How has the movement of people across prefectures changed compared to the past during the Golden Week holidays, when there are no restrictions on behavior for the first time in three years?



Analysis of big data for the three days up to the 1st revealed that it increased by 30% from last year's long holidays and returned to 76% of the time before the spread of the new coronavirus.

NHK used data collected by NTT DoCoMo from mobile phone base stations in a privacy-protected manner to analyze the number of people who traveled across prefectures for three days up to one day.

(15 to 79 years old. Compared by percentage based on the average number of people in the 3:00 pm range)



As a result, people who moved across prefectures declared a state of emergency in four prefectures such as Tokyo and Osaka on a national average. It increased by 30% from last year's long holidays.



And it turned out that it returned to 76% compared to the Golden Week holidays in 2019, three years before the spread of the new coronavirus infection.

How about moving from Tokyo?

Travel from Tokyo to other prefectures increased by 21% from last year, returning to 79% three years ago.



Looking at the comparison with 3 years ago by prefecture of destination,


▽ Okinawa prefecture has returned to the level before the spread of infection at 100%.



This was followed by


▽ Kanagawa and Saitama prefectures at 91%


▽ Chiba prefecture at 86%


▽ Osaka prefecture at 85%


▽ Kyoto prefecture at 84%


▽ Aichi prefecture at 83%


▽ Hokkaido at 80%.



In addition to prefectures with a lot of traffic such as various parts of the Tokyo metropolitan area, more than 80% of people move to areas with a lot of tourists such as Okinawa, Kyoto, and Hokkaido.

How about moving from Osaka?

Movement from Osaka Prefecture increased by 40% from last year and returned to 75% three years ago.



Looking at the comparison with 3 years ago by prefecture of destination,


▽ Okinawa prefecture has returned to the level before the spread of infection, which is 99%, similar to that from Tokyo.



This was followed


by ▽ Tokyo at 96%


▽ Ibaraki and Kanagawa prefectures at 88%


▽ Chiba prefecture at 85%


▽ Aichi prefecture, Kyoto prefecture, Saitama prefecture and Hyogo prefecture at 83%.

Where did the person come back?

Then, where was the prefecture where more "people came back"?

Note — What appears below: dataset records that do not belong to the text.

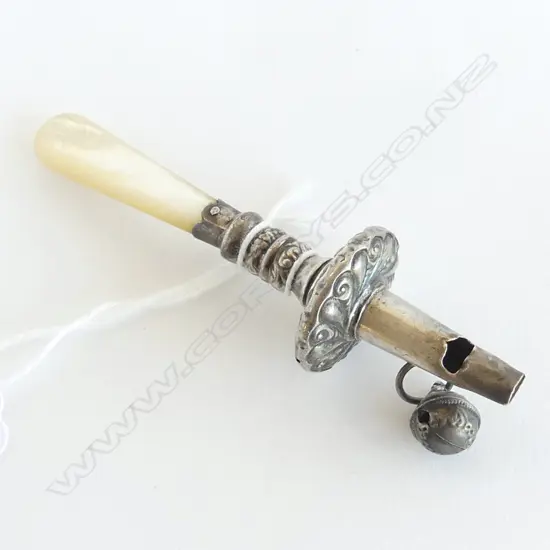 VICTORIAN SILVER & MOP BABIES RATTLE / WHISTLE /TEETHING RING L.100mm
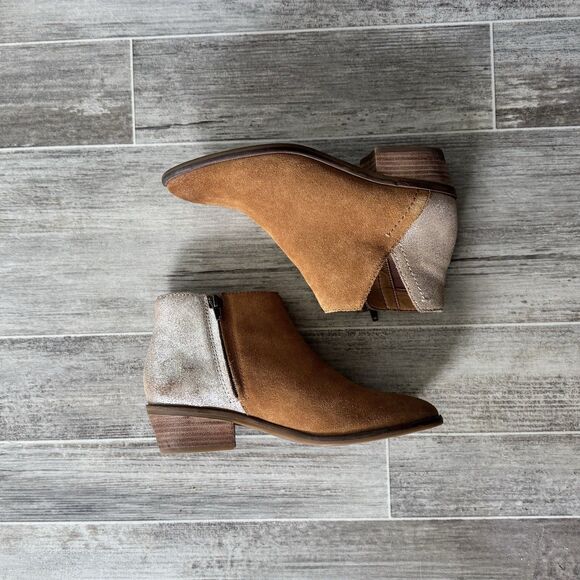 Frye & Co Caden Ankle Booties Size 7.5 Suede Cognac Glitter Heel - Picture 3 of 9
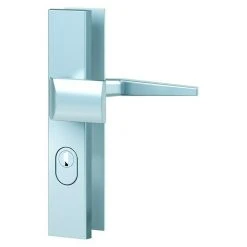 BAUHAUS Basi Schutzbeschlag ES0 VMS-ZA für Hauseingangstüren, Silber, 72 mm Distanznorm, Eckiger Drücker, 15 mm Schild/Rosette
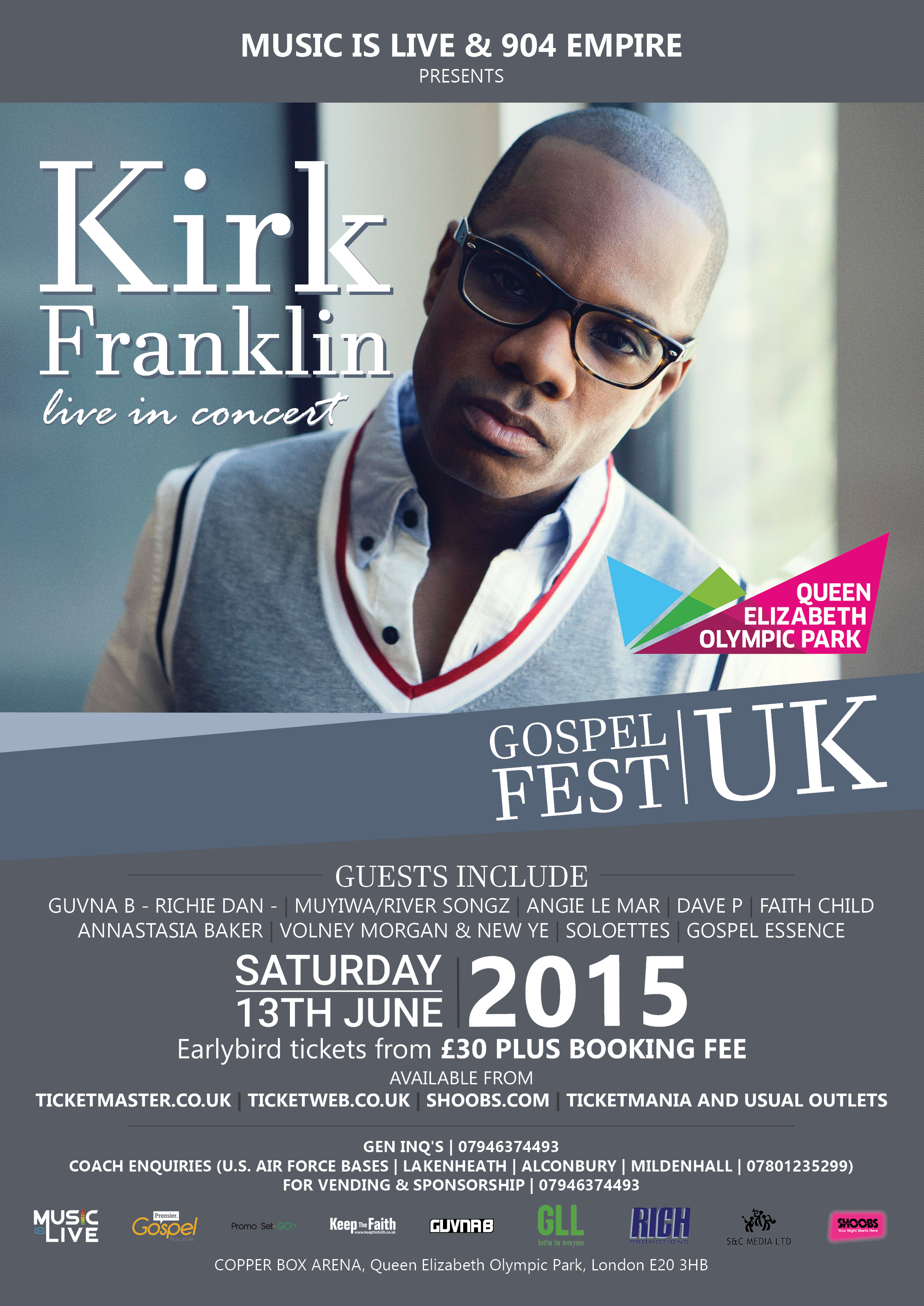 GOSPEL FEST-KIRK FRANKLIN LIVE CONCERT tickets Copper Box Arena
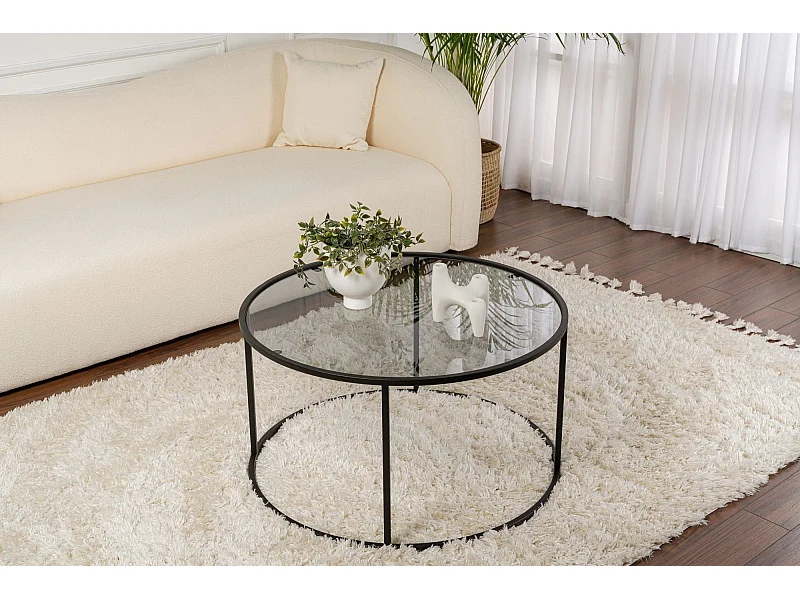 Table basse en métal "Aurum" - 80 x 80 x 43 cm - Noir Gris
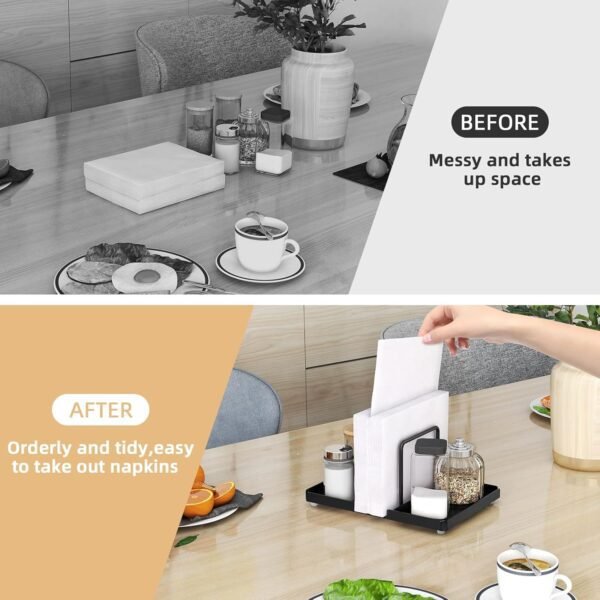 Napkin Holder for Table, Metal Napkin Holder with Salt and Pepper Shakers Caddy, Standing Paper Napkin Storage for Kitchen Dining Table Decor, Black - Image 7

Compared to the number of people who visited from other areas before the spread of the infection,


▽ Saitama and Kanagawa prefectures were 88%


▽ Tokyo was 87%, and the metropolitan area occupies the top position.



Next,


▽ Aichi prefecture 84%


▽ Okinawa prefecture and Kyoto prefecture, and Osaka prefecture 83%


▽ Chiba prefecture 82%


▽ Fukuoka prefecture 78%


▽ Hyogo prefecture 77%


▽ Nara prefecture, Hokkaido, and Shiga prefecture 76 %

It became% and so on.



Metropolitan areas such as Tokyo, Osaka, and Aichi and their surrounding areas, as well as popular tourist destinations, ranked high.



On the other hand, in order of the lowest percentage of visitors compared to before the spread of infection,


▽ Akita prefecture 57%


▽ Aomori prefecture 58%


▽ Iwate prefecture 59%


▽ Nagasaki prefecture, Fukui prefecture, and Kagoshima prefecture 60%, etc. have become.



The movement of people has increased significantly from last year and has returned to nearly 80% of the time before the spread of the infection, but the center is the metropolitan areas and popular tourist destinations, and the results show that there are differences depending on the region.